Privado-Inc / privado

Open Source Static Scanning tool to detect data flows in your code, find data security vulnerabilities & generate accurate Play Store Data Safety Report.
https://docs.privado.ai
GNU Lesser General Public License v3.0
502 stars 57 forks source link

Storing output result privado.json inside repo itself seems problematic #50

Open pandurangpatil opened 2 years ago

pandurangpatil commented 2 years ago

Is your feature request related to a problem? Please describe. The approach to results storage is extremely interesting but also potentially problematic. At present, a repo’s scan result is stored into [repo]/.privado/privado.json, meaning it lands inside the repo. Practically, this means the results will likely be lost when the repo is removed and recloned.

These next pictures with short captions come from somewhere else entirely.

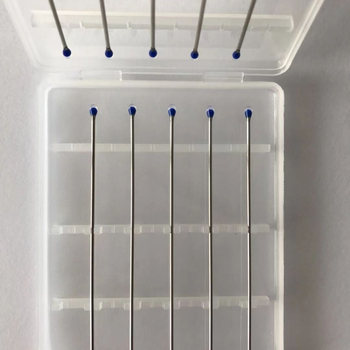 Băț lipicios ESD pentru curățare cu tijă de hârtie și tijă din oțel inoxidabil, pentru curățarea lentilelor, atracție electrostatică a prafului, gel fără praf
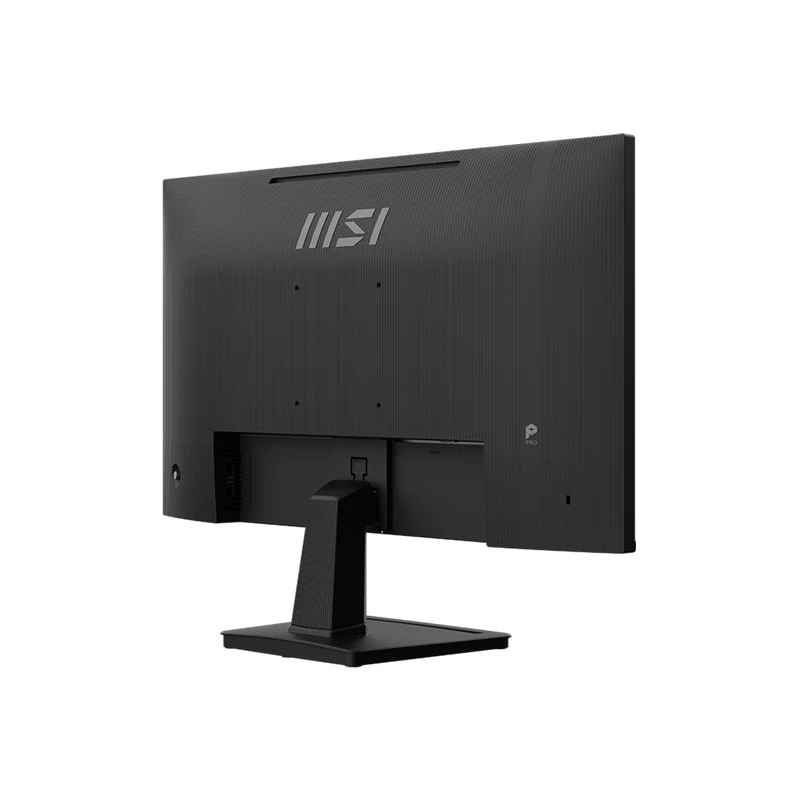 MSI Pro MP251 E14L 24.5" FHD (1920x1080) 144Hz 1ms (MPRT) / 4ms (GtG) IPS Adaptive-Sync Business Productivity Monitor with Tilt Adjustment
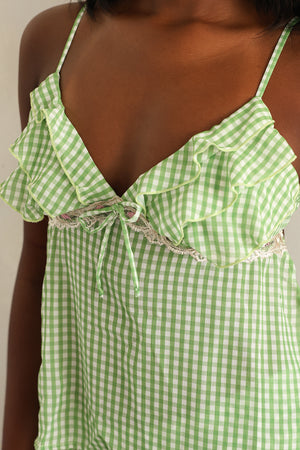Juan Les Pins Tank Top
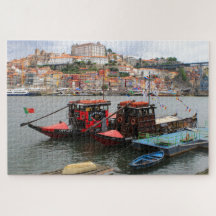 Rabelo-Boote, Porto, Portugal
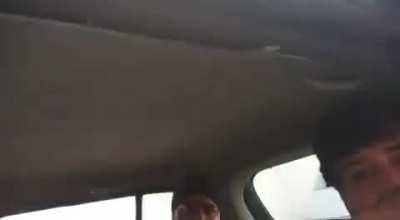 What color is yur santro?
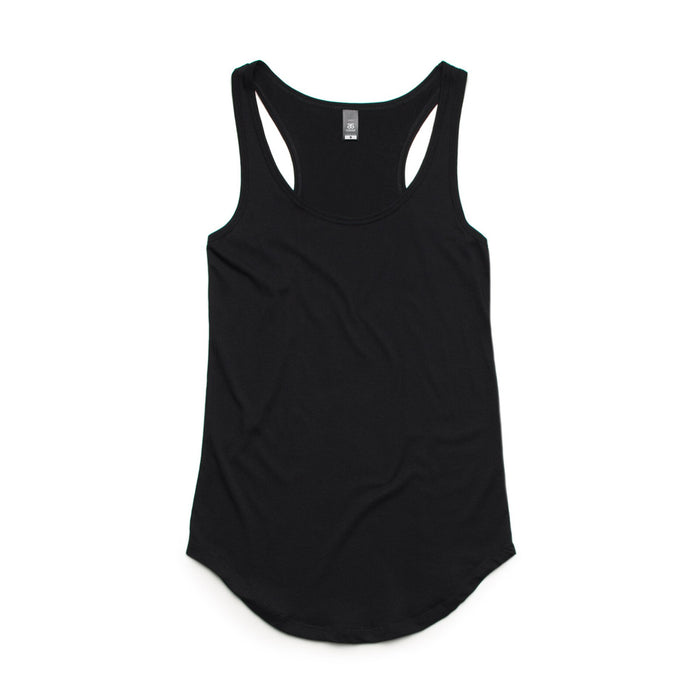 AS Colour Wo's Dash Racerback Tank 4007
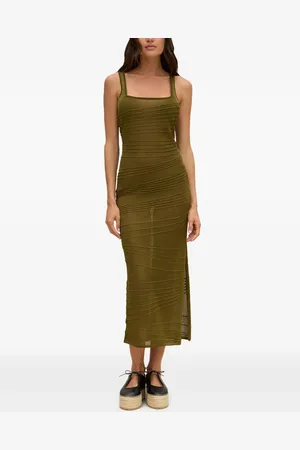 Cult Gaia Abito Mai in maglia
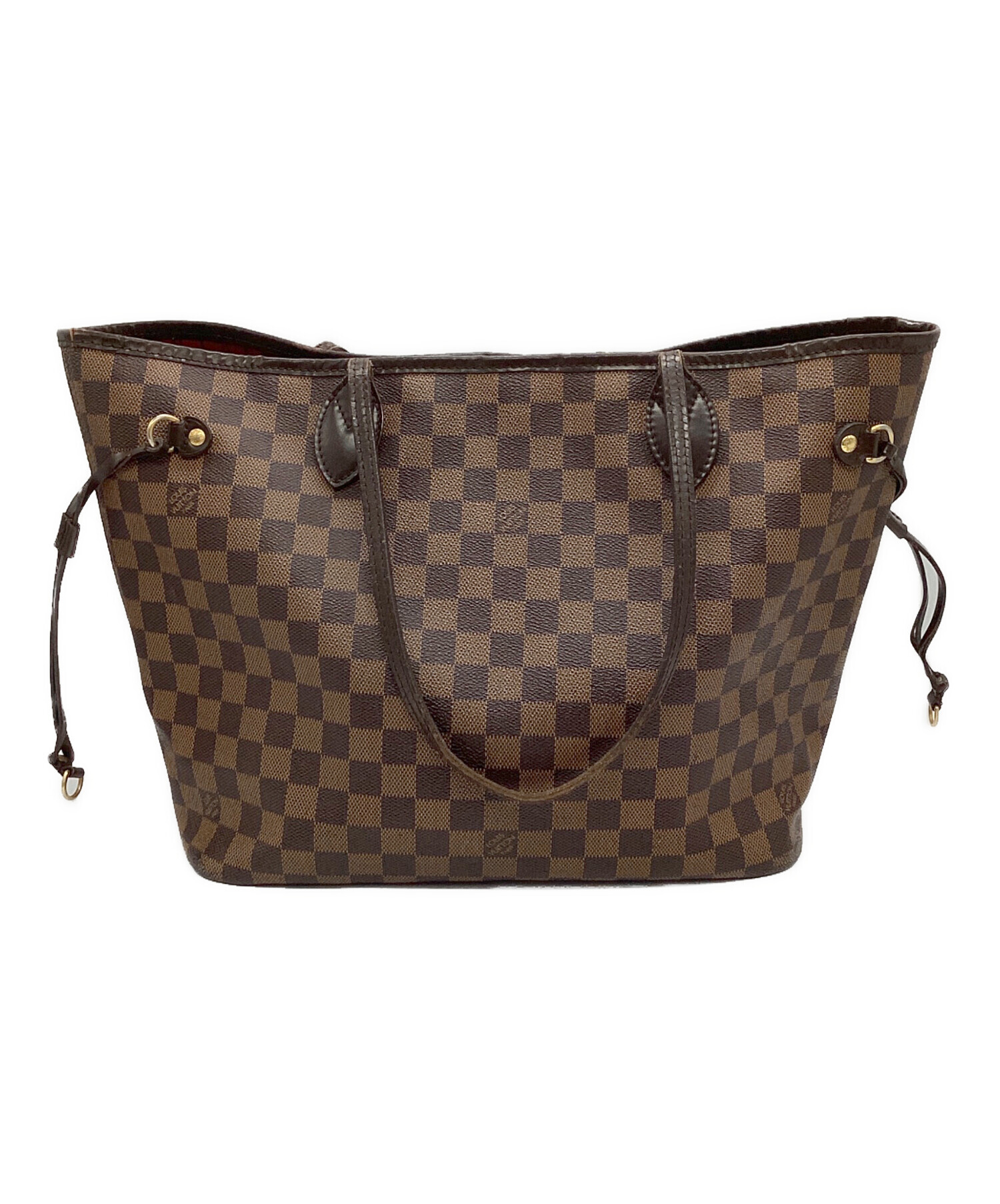 中古・古着通販】LOUIS VUITTON (ルイ ヴィトン) ネヴァーフルMM 旧型 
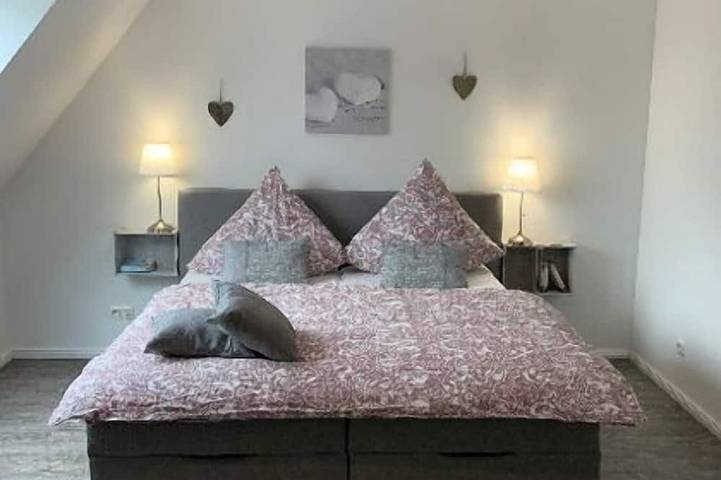 Ferienwohnung für 4 Personen, mit Garten - 1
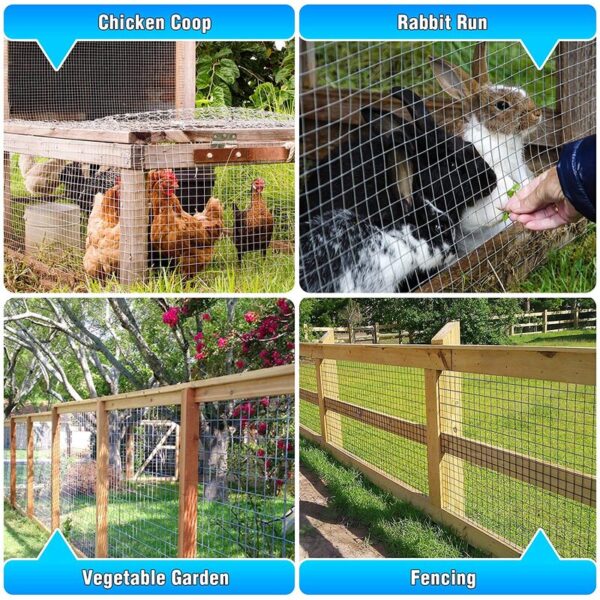 TOOCA Hardware Chicken Fencing - Image 6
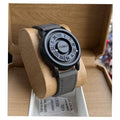 Dom magnetic Ball Bearing Watch- Leather strap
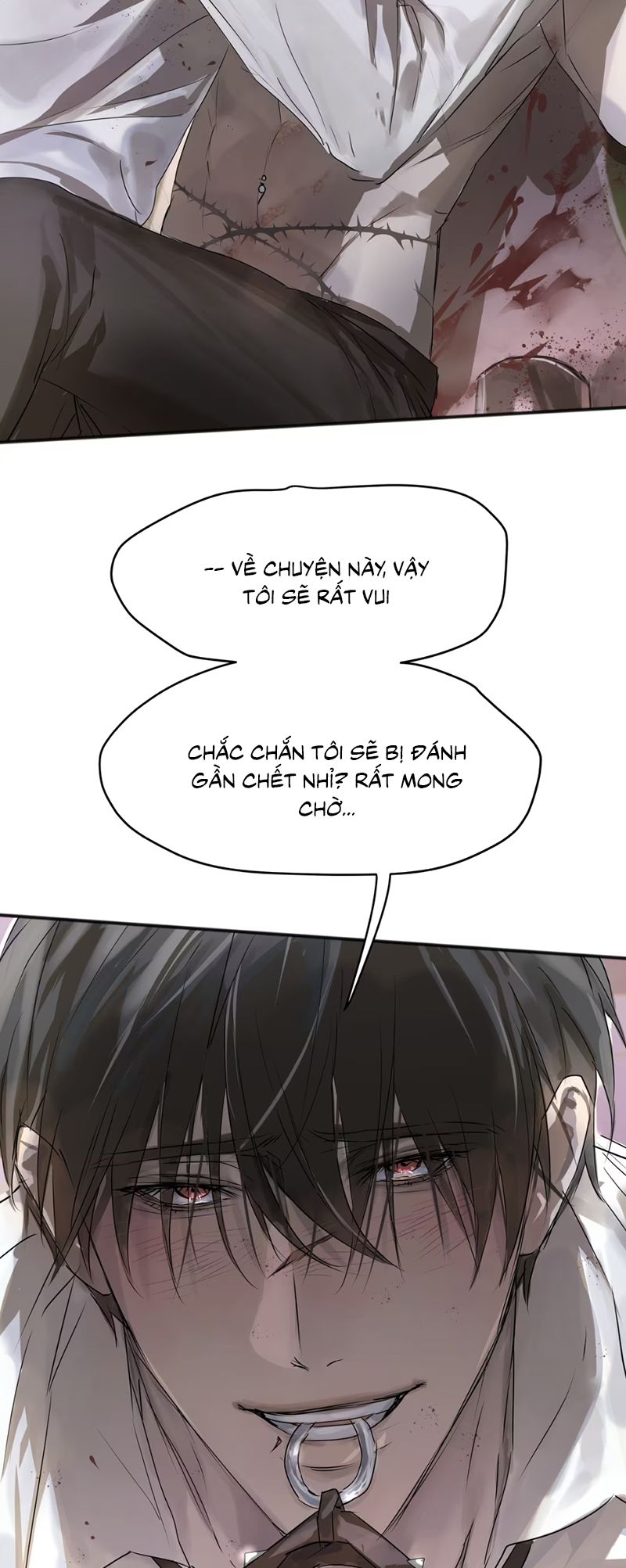 Bị Chó Điên Phát Hiện Tôi Là Đồng Loại Chapter 3 - Trang 48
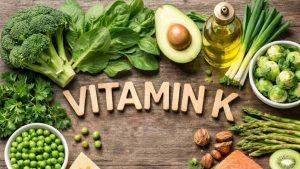 Дефицит витамина K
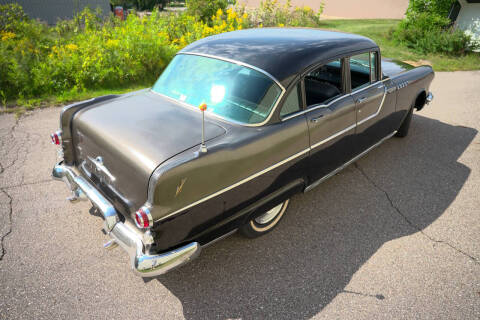 1955 Pontiac Chieftain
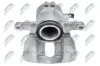 Bremssattel Vorderachse rechts NTY HZP-CT-025 Bild Bremssattel Vorderachse rechts NTY HZP-CT-025
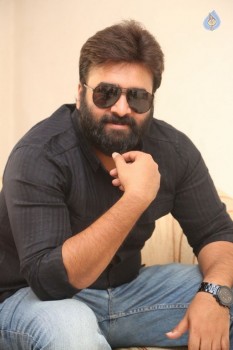 Nara Rohit Shankara Interview Photos - 22 of 36
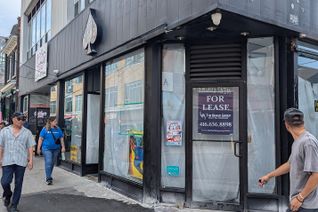 Commercial/Retail Property for Lease, 181 Baldwin St #3, Toronto, ON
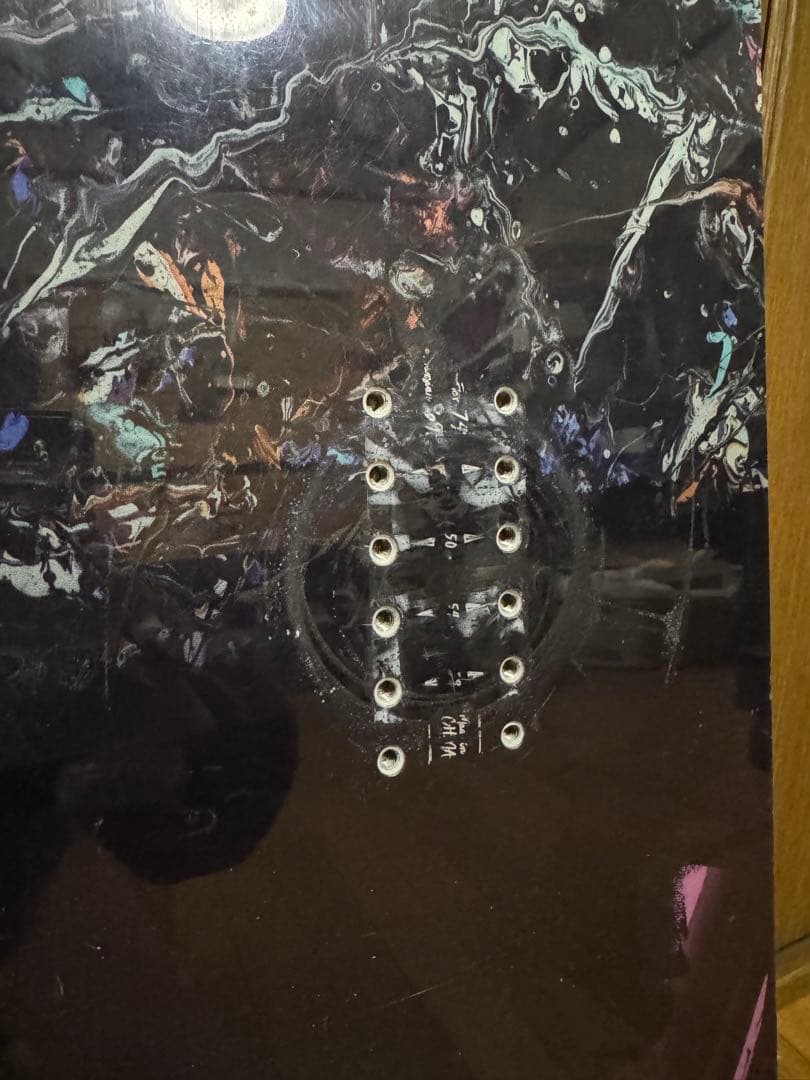 【中古】YONEX スノーボード ACHSE 151cm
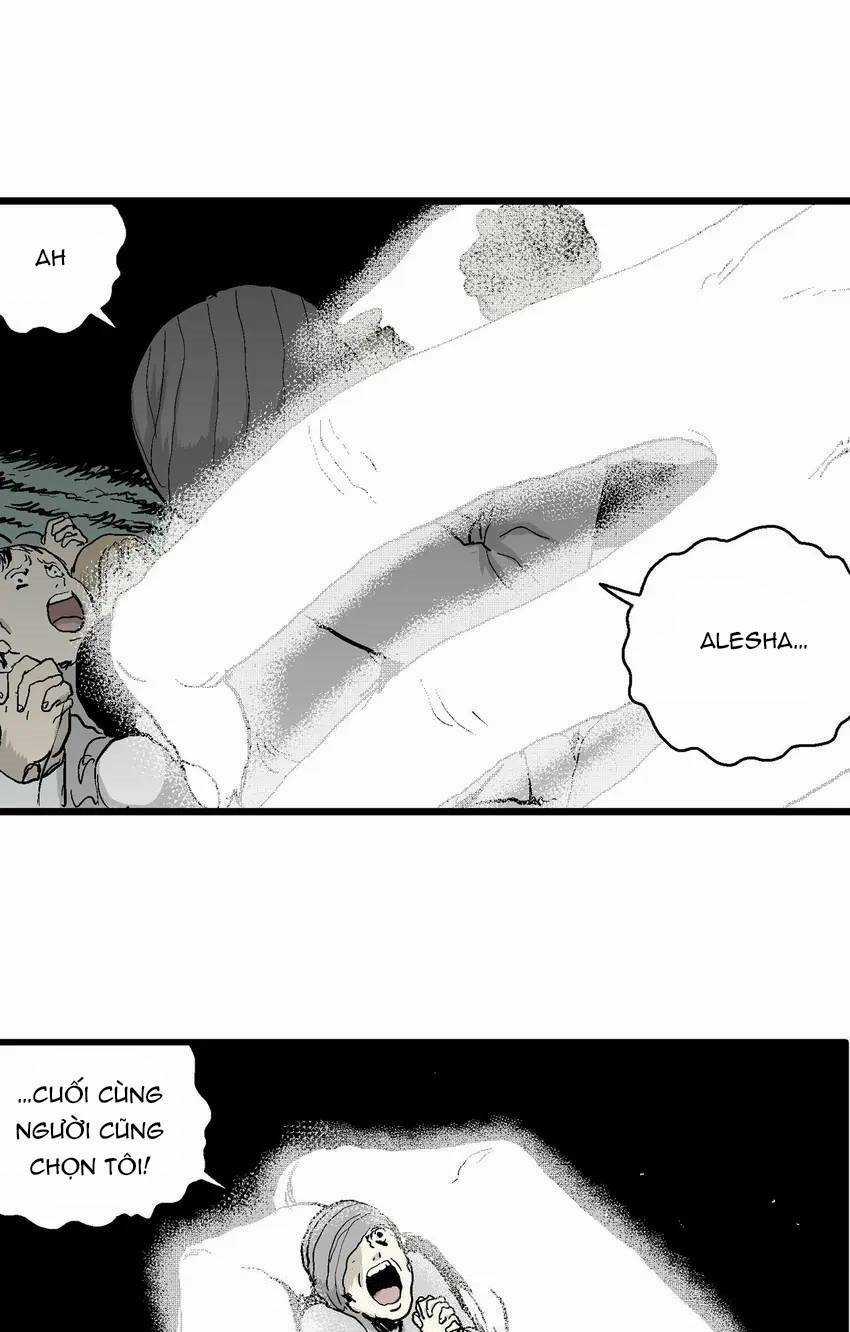 Thuyết Tiến Hóa Của Loài Người Chapter 60 trang 10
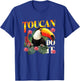 Toucan Do It T-Shirt - T-Shirt | Royal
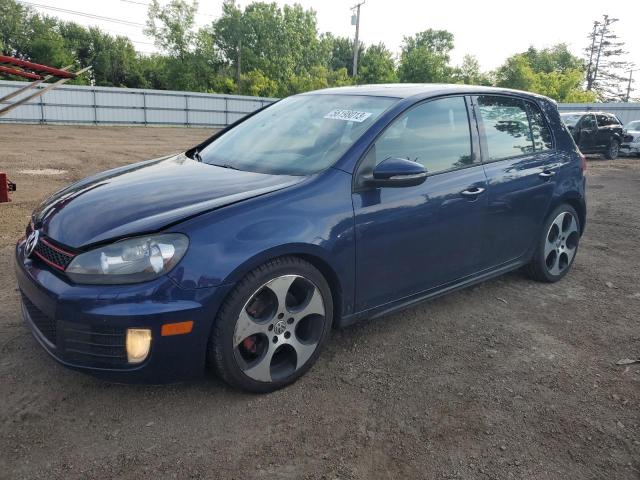 2011 Volkswagen GTI 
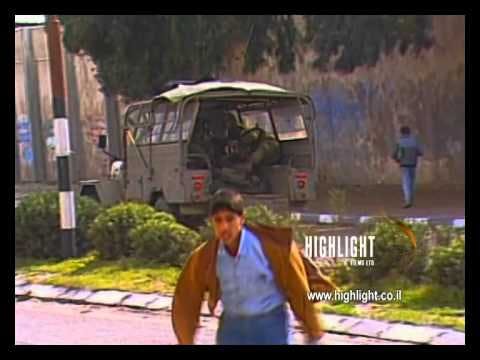 MG_002 - Israel Stock Footage: HD footage of Gaza 1980-2008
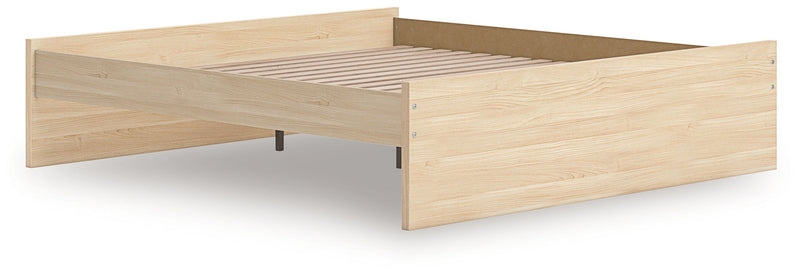 Onita - Platform Bed - R&R Furniture Gallery (Fountain Valley, CA)
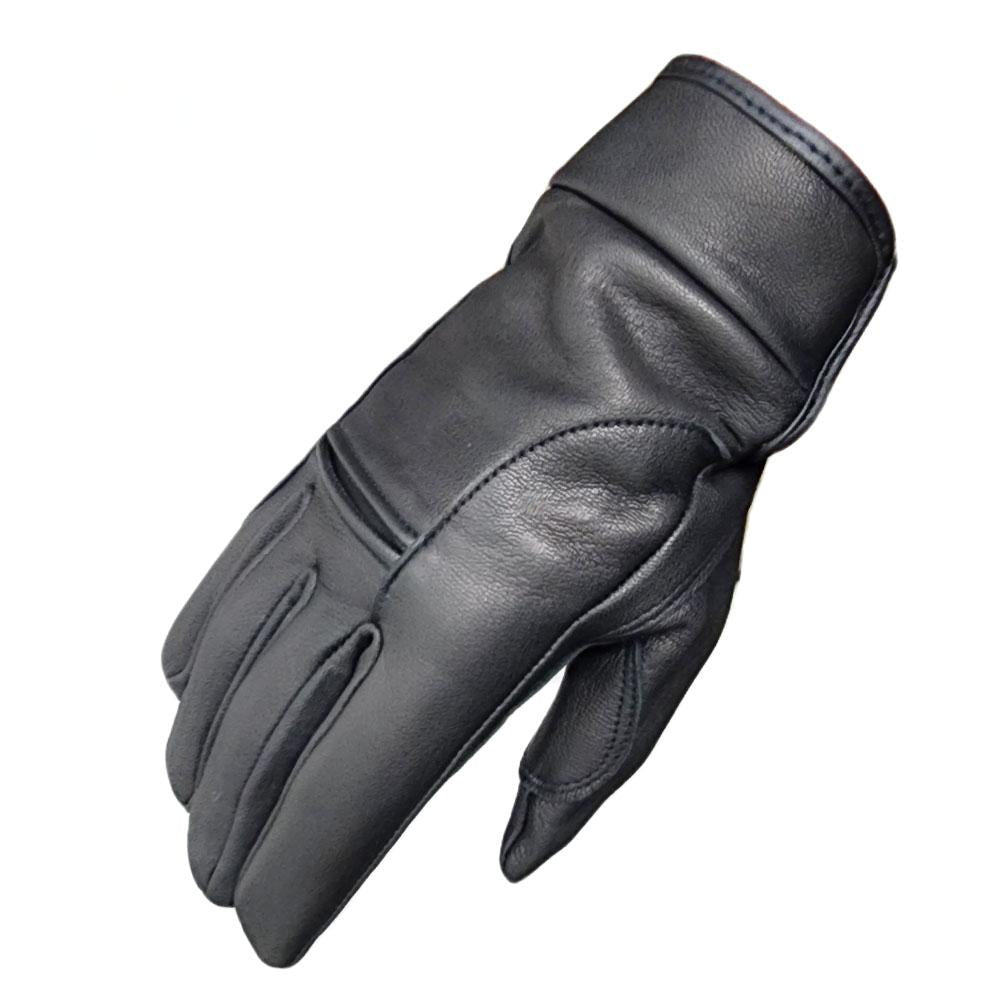 Premium Cruiser Leather Gloves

Describe the solution you'd like I would love to see the results persist in some way without having to copy or move them myself. Maybe this would mean storing the results in ~/.privado/results/ for example. This would allow users to view historical results easily and maybe give the Cloud Viewer a “trend” view for repos. It always feels good to see the Risk rating decrease over time… and it’s nice to be able to notice a sudden spike in Risk if that happens.

ojaswa1942 commented 2 years ago

I think we should also consider keeping these results in the repo itself. Following are some pointers:

  1. Once we have an option to upload/load results directly without having to scan - it will make more sense for people to keep these in the repository like a privacy disclosure, which anyone can load up using privado and at some point collaborate.
  2. At the same time, if checked in, it will also be tied up with git and provide some contextual history.

However, the described solution raises some good points. For those:

  1. We can still have a "trend" view for repos for Cloud viewers, including "Risk-meters" (Example: Diff between previous & new results).
  2. We can have the latest two results (privado.old.json - like most configuration updaters). Keeping more than that might not make sense if it is not tied to a git repository. Devs can still consume the output in their own CI/test systems.

If we choose to move the results to ~/.privado/results - we additionally need to create a local database-like mechanism that will maintain a scanIdentifier-repoIdentifier and handle cases like "rename" and "move" locally to maintain that database.